Вокруг могильных плит на погосте лежали кучи неровно смятых банок из-под пива и стеклянных осколков. Между участками можно было разглядеть остатки никогда не стриженного газона, заросшего сорной травой и бледными, будто шелковыми цветочками. Поппи достала мобильник и прислонилась к ограде. Открыв браузер, она набрала в строке поиска: «Убрек Дюэрн, писатель, Бесследно, книга».

Ничего. Она нахмурилась и прокрутила страницу с результатами поиска, но не нашла ничего подходящего. То же самое получилось, когда она переставила слова и добавила фразы вроде «книга для детей» и «новинка».

Эразмус прибежал парой минут позже, с раскрасневшимся лицом и едва переводя дыхание.
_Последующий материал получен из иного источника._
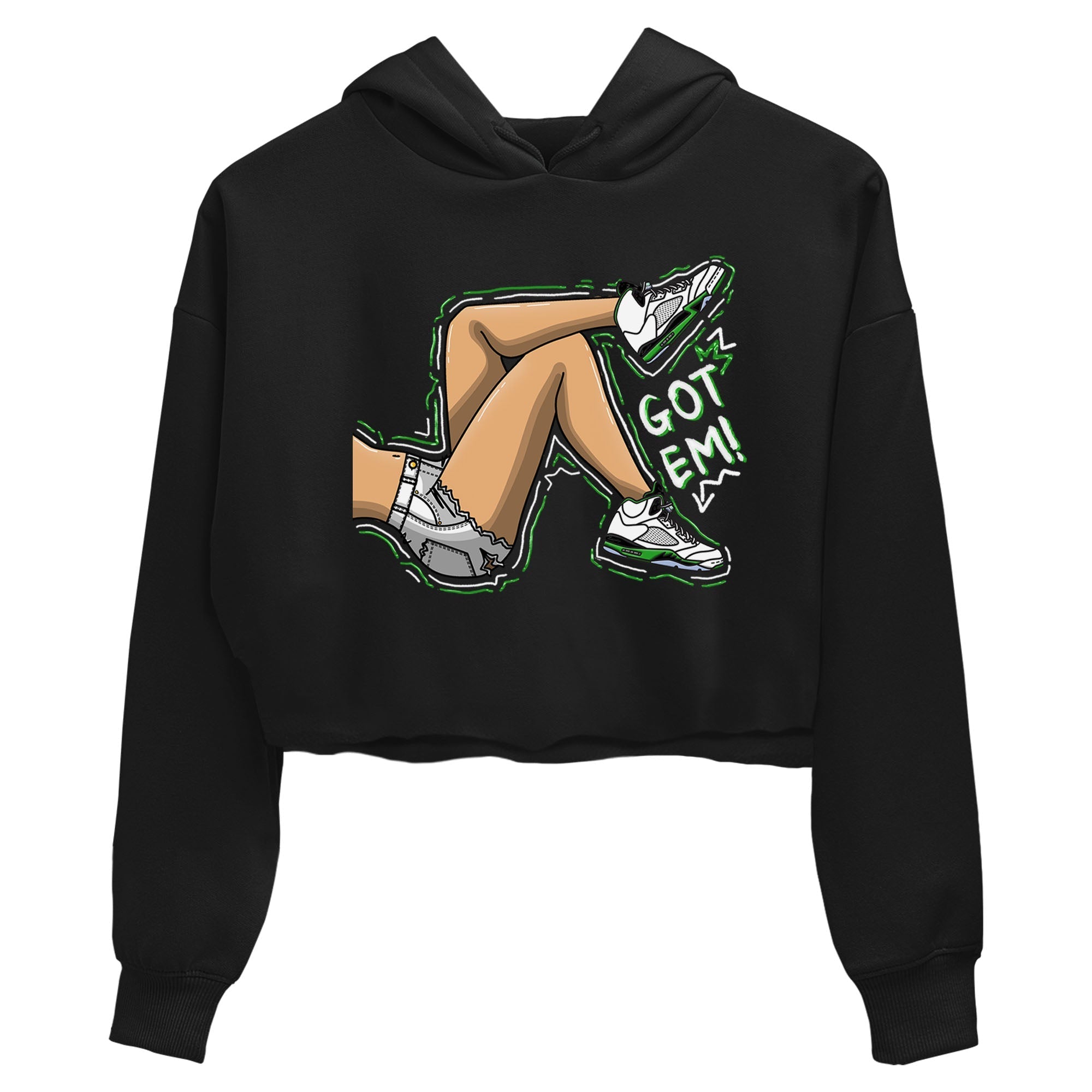 Got Em Legs snkmatch Women's Top - Air Jordan 5 Lucky Green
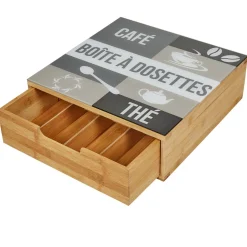 Gifi Tiroir toutes dosettes gris blanc et naturel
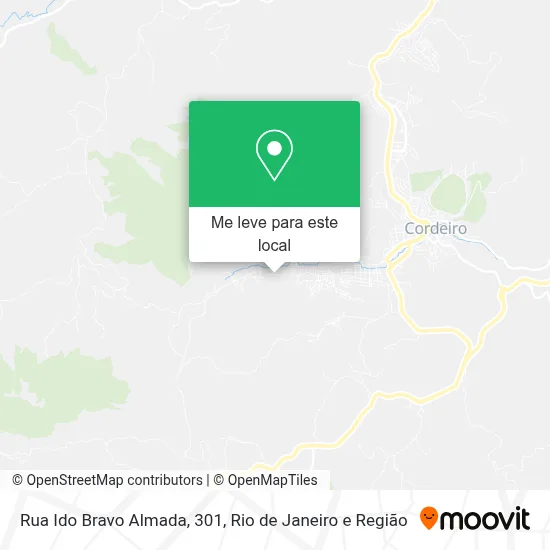 Rua Ido Bravo Almada, 301 mapa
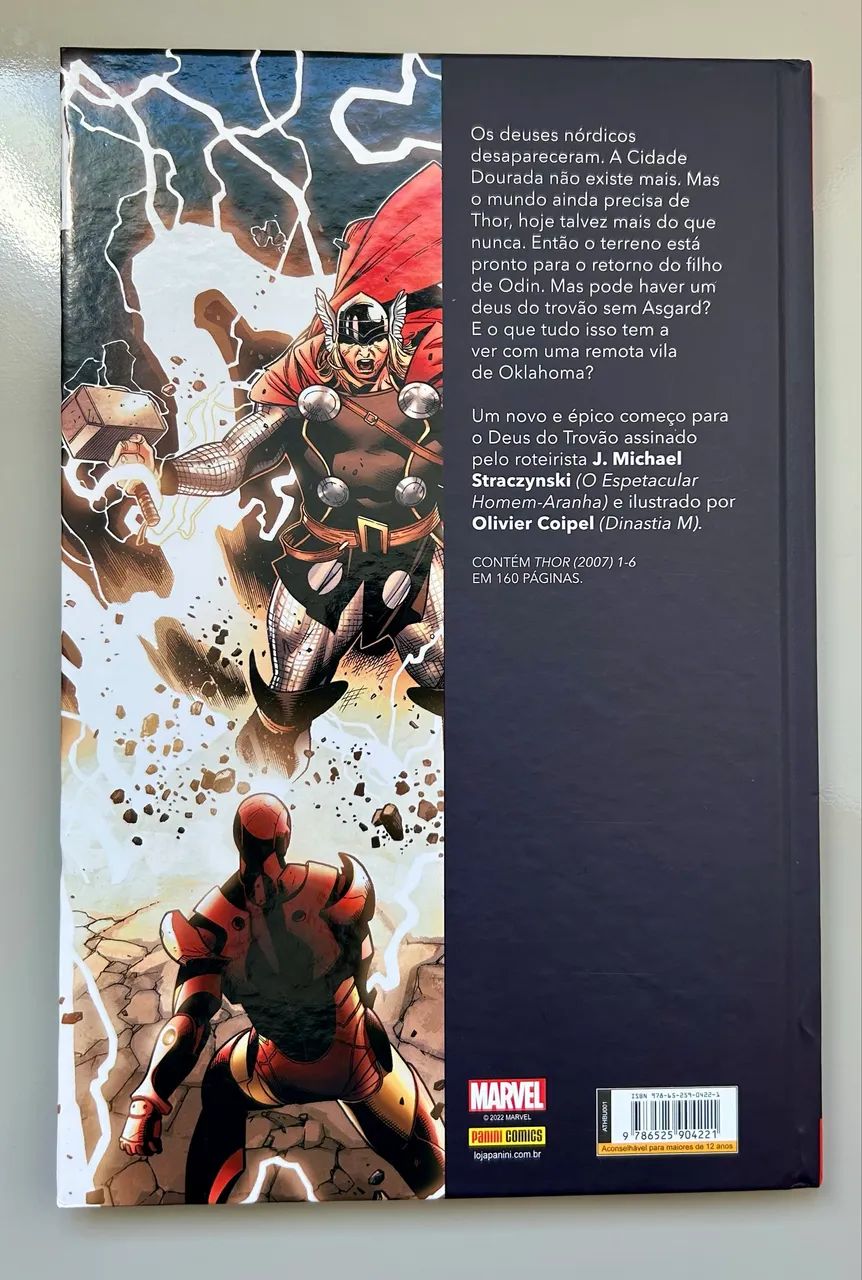 THOR: O RENASCER DOS DEUSES (MARVEL ESSENCIAIS) - Foto 2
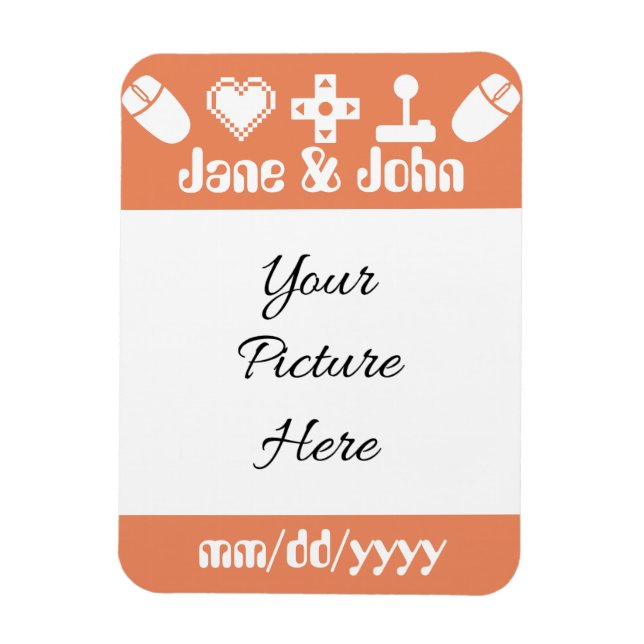 Multiplayer Mode in Coral Save-the-Date Magnet (Vertical)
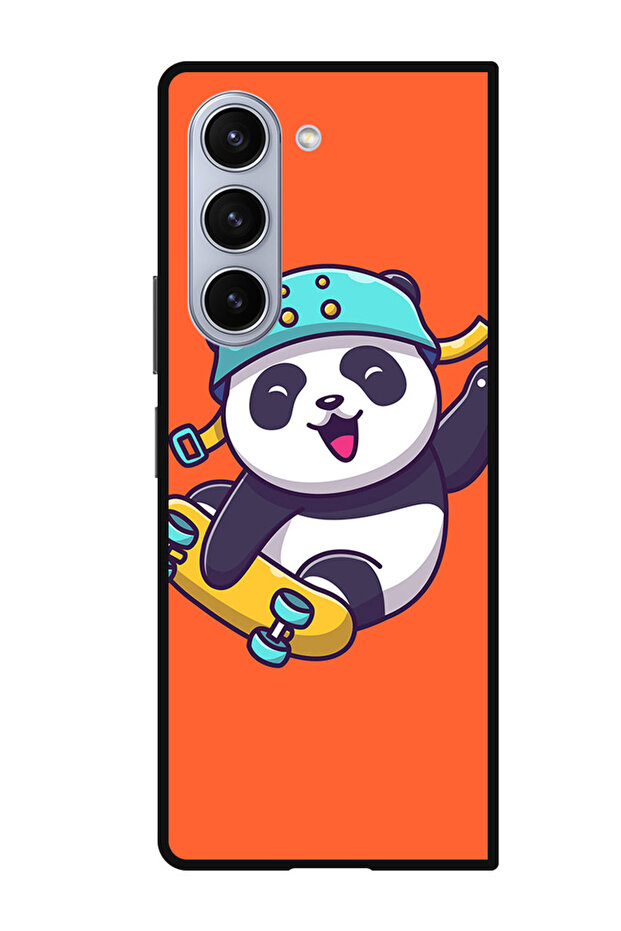 Protective Case Anti Scratch Shock Proof Bumper Cover For Samsung Galaxy Z Fold 5 Skiing Panda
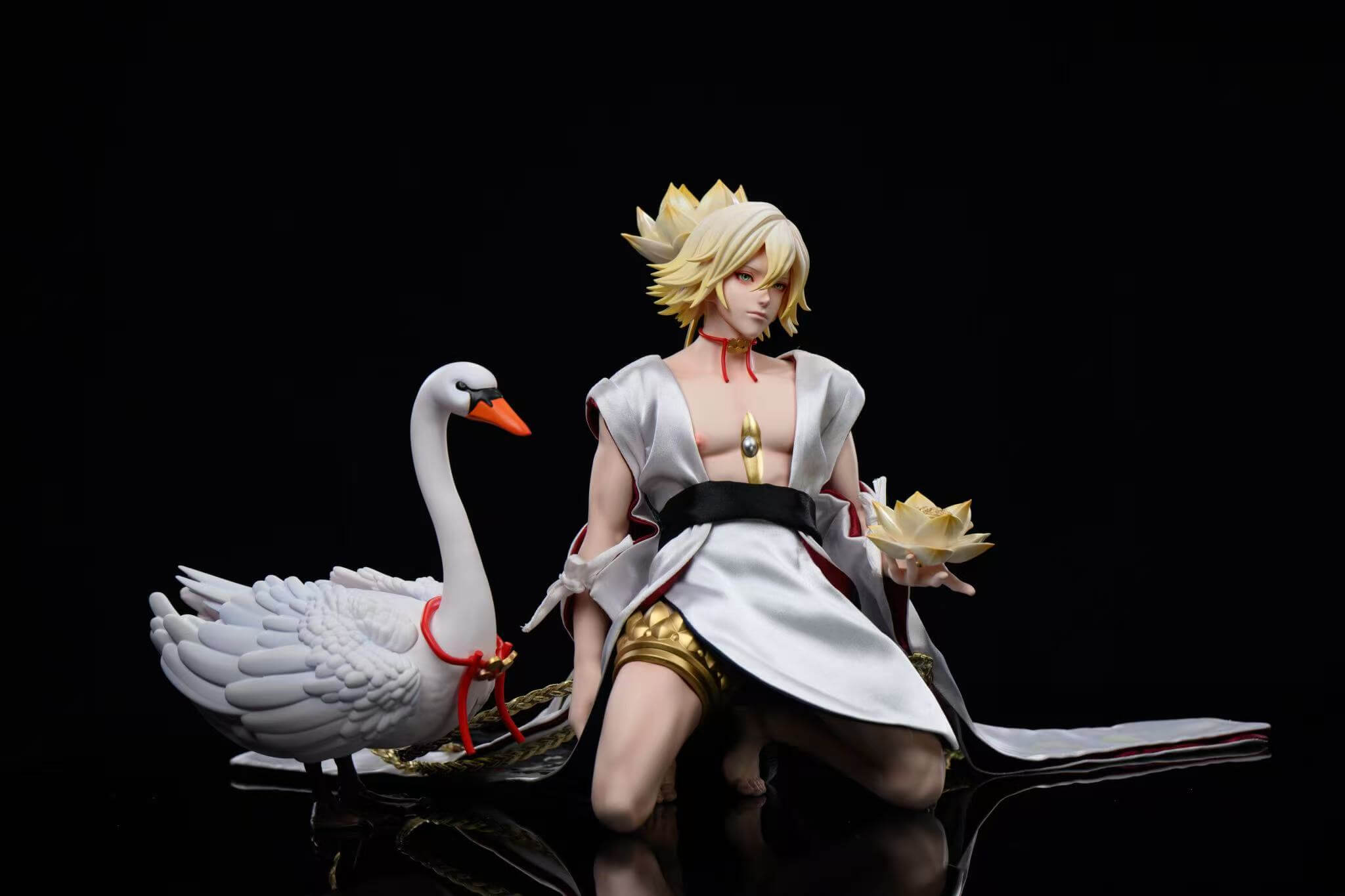 Kneeling Lotus Master - Featured Image Kneeling Lotus Master - Collectible Figure Main View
Поппи была занята тем, что разминала руки. Первое, что он сказал, было:

– Не люблю бегать.

– Бег полезен для души, – отозвалась Поппи. – Статья у тебя?

– Да, – пропыхтел Эразмус.

Встав на одну ногу, он вытянул из левого носка сложенный лист бумаги.

– А ты не мог положить его в карман?

– Я не хотел рисковать.

– Чем рисковать?

– Нашим расследованием.

Поппи насмешливо фыркнула и, морща нос, развернула кончиками пальцев лист. Как и говорил Эразмус, это оказалась статья о пианисте, но совсем не такая, как Поппи ожидала.

16 марта

Музыкальное общество Северной Загадочной улицы глубоко скорбит об утрате одной из главных своих звёзд. Эндрю Букер был бесценным участником нашей концертной команды, и нам будет ужасно не хватать его исключительного владения столькими инструментами. Мы с огромным удовольствием следили за крещендо его музыкального таланта и наслаждались его форте фортепиано. «Без него наши фортепианные концерты будут уже совсем не те», – говорит миссис Хэтти Гвинн, председатель Музыкального общества.